What is an average paralegal salary?

Paralegals are an important part of any law firm. They not only draft paperwork and handle office work but often research important cases and work with clients. These professionals learn a lot about the practice of law. This is a great career for anyone who has an interest in the legal world but does not want to attend law school. Training, experience, and connections affect the median salary for paralegal professionals.

Average Paralegal Salary
In 2011, the Bureau of Labor Statistics reported that the average US paralegal salary was $49,960. However, the leaders in the field made nearly $35,000 more than this. Paralegals can work in a variety of offices. For example, some work for government groups whereas others work for privately owned firms. The size of the organization and its reputation and area of law also affect the average salary. A paralegal working for a large corporate law firm will make more than someone working for a small or upstart local law office or state government group.

Career Options
Most law firms or organizations have roughly two or three paralegals for each lawyer. Thus, there are a number of paralegal jobs out there. Smaller groups may have just one professional. Legal groups need support during the research and document drafting process. Thus, the job market is promising for people. After all, no matter the unemployment rates, people always need lawyers. Some offices even hire paralegals to help manage the office or meet with clients.

How to Receive Training and Education
The more education and experience a paralegal has, the more likely they are to be hired for a high-paying position. There are paralegal schools that offer proper training and many community colleges also have similar courses. Students should look at the cost of the school and its reputation before making a decision. After all, it helps to work with organizations that help students find jobs or internships. Once finished, students will have a paralegal certificate and will be prepared to assist lawyers with a variety of cases and duties.

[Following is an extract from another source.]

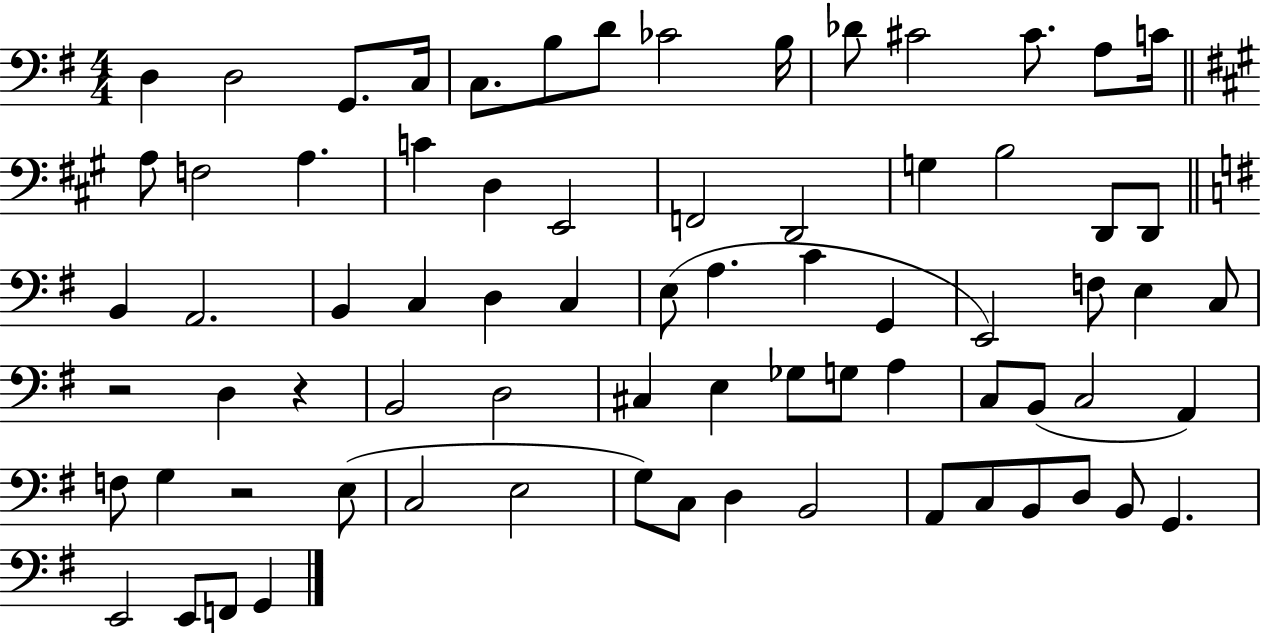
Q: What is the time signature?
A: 4/4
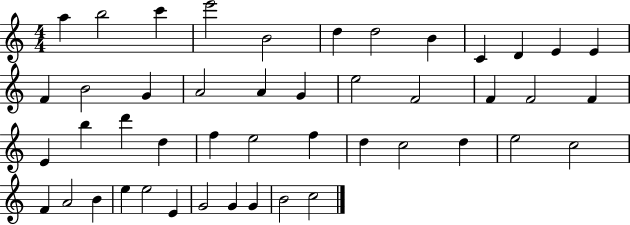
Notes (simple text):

A5/q B5/h C6/q E6/h B4/h D5/q D5/h B4/q C4/q D4/q E4/q E4/q F4/q B4/h G4/q A4/h A4/q G4/q E5/h F4/h F4/q F4/h F4/q E4/q B5/q D6/q D5/q F5/q E5/h F5/q D5/q C5/h D5/q E5/h C5/h F4/q A4/h B4/q E5/q E5/h E4/q G4/h G4/q G4/q B4/h C5/h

Gain a Specialty and Seek Out Work Experience
Law firms want paralegals who will not make mistakes. Thus, it is important for professionals to get as much hands-on experience as possible. This might mean interning for a lawyer in high school or volunteering or interning while in college. Attending industry events, talking with lawyers, and learning as much as possible about the legal field also helps people reach new heights within this career. It helps to have a specialty. For example, some firms offer a range of services while others focus on tax or estate law or business-related services.

Paralegal jobs are secure and fulfilling. This is a chance for people to work with intelligent and experienced lawyers and to help those who are in need. Job security and a competitive salary make this career path ideal for organized individuals with an interest in law. Proper training and work experience helps people find high-paying paralegal positions with exciting duties.